Author: Salma Elnagar
Mentors: Shinsuke Shimojo and Mohammad Shehata
Editor: Jagath Vytheeswaran
Abstract
Flow experience is achieved when a person is said to be “in the zone” as they achieve a fit between skill-and-challenge level in a certain activity. Many of these activities, such as video games, music, or athletic competitions, involve the participation or company of other people. Thus, interpersonal communication could be related to reaching the mental state of flow. Previous research has linked brain areas like the inferior frontal gyrus to individual flow. However, no experiments have yet been conducted on interpersonal flow. The large-scale purpose of this project is to fill this gap by identifying the neural correlations of interpersonal flow. In order to do so, objective measurements of the inherently subjective flow experience must first be identified. In this study, we evaluated eye measurements such as pupil diameter, blink rate and eye fixations as objective measures for individual flow. Two versions of our experiment using a musical notes game were conducted on ten and six subjects respectively with eye measures being collected using Eyelink 1000. While there was a significant difference in gaze direction among various gaming levels, there appeared to be no significant change in blink rates or pupil size. This suggests that gaze direction could be an objective measurement of flow experience.
Introduction

Consider a gamer, oblivious to the outside world as they click and play for hours, thinking it has only been a few minutes since they started – or a soloist, absorbed by their music while performing Paganini’s complex caprices on stage, forgetting about the hundreds of people who gathered around to watch them play.
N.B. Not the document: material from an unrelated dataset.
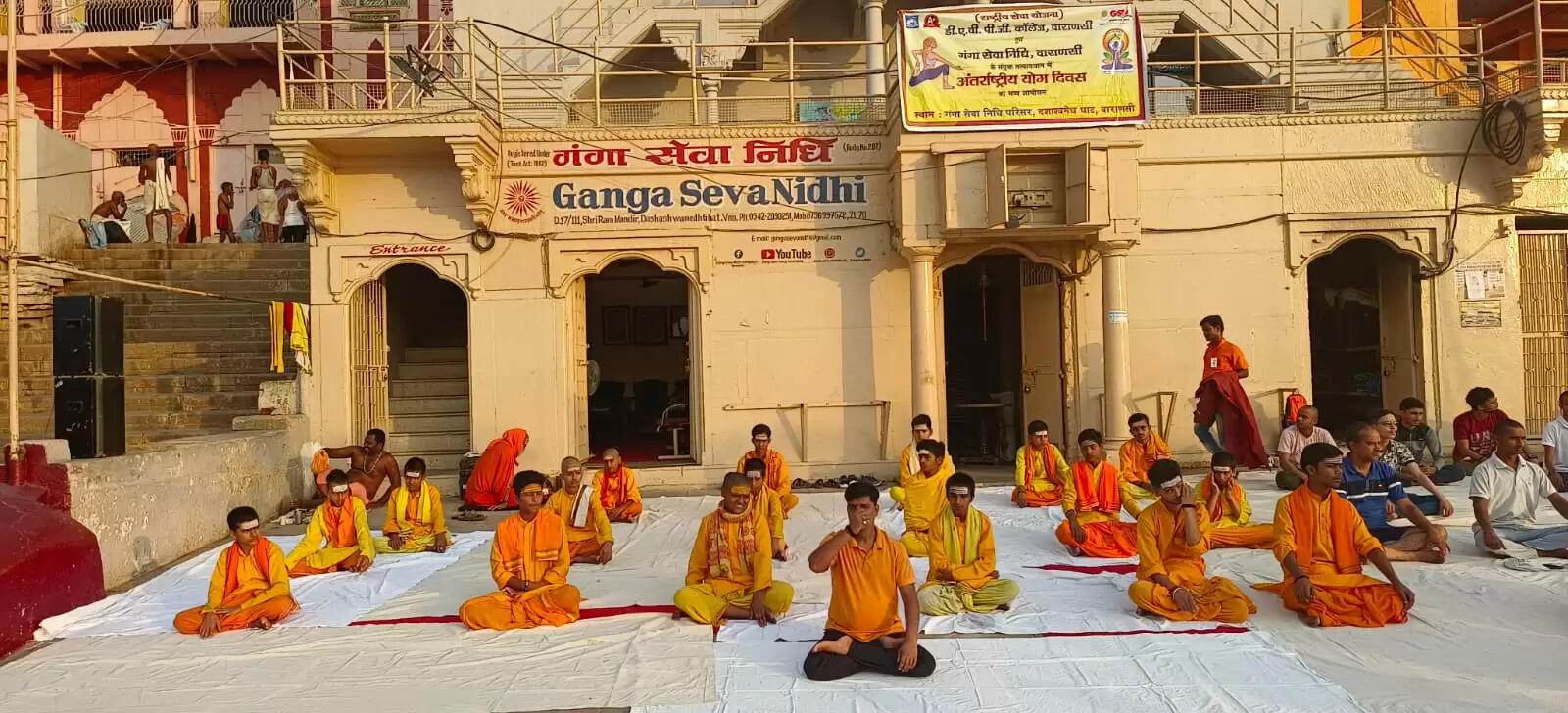 Ganga Seva Nidhi did special morning Ganga Aarti, Batuks did Surya Namaskar together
These scenarios, along with many more everyday ones such as enjoying a gripping book or fully concentrating on an interesting math problem, expose one of the many marvels of the human brain: its ability to get in “the zone”. In such state, a person is fully and satisfactorily engaged in an activity to the extent that their perceptions of themselves, others, and time are dampened. In neuroscience terms, we dub this mental state “flow.” In a more concrete sense, flow is the skill-challenge balance between overload, in which a person perceives high challenge and low skill, and boredom, in which a person perceives high skill but low challenge. Learning more about flow is the first step towards creating interventions for clinical disorders of attention, like Attention Deficit Hyperactivity Disorder (ADHD).
To create and scientifically study this very subjective experience is not an easy mission. In order to create flow experience in the laboratory, we used an open-source music game where participants were asked to hit notes when they appeared on screen (Figure 2). Three conditions were created based on the difficulty of the game (defined by note frequency) according to each participant: boredom, flow, and overload conditions. Various eye measurements were then gathered and compared to answers in post-experimental surveys to determine the validity of said measurements as objective indicators of flow.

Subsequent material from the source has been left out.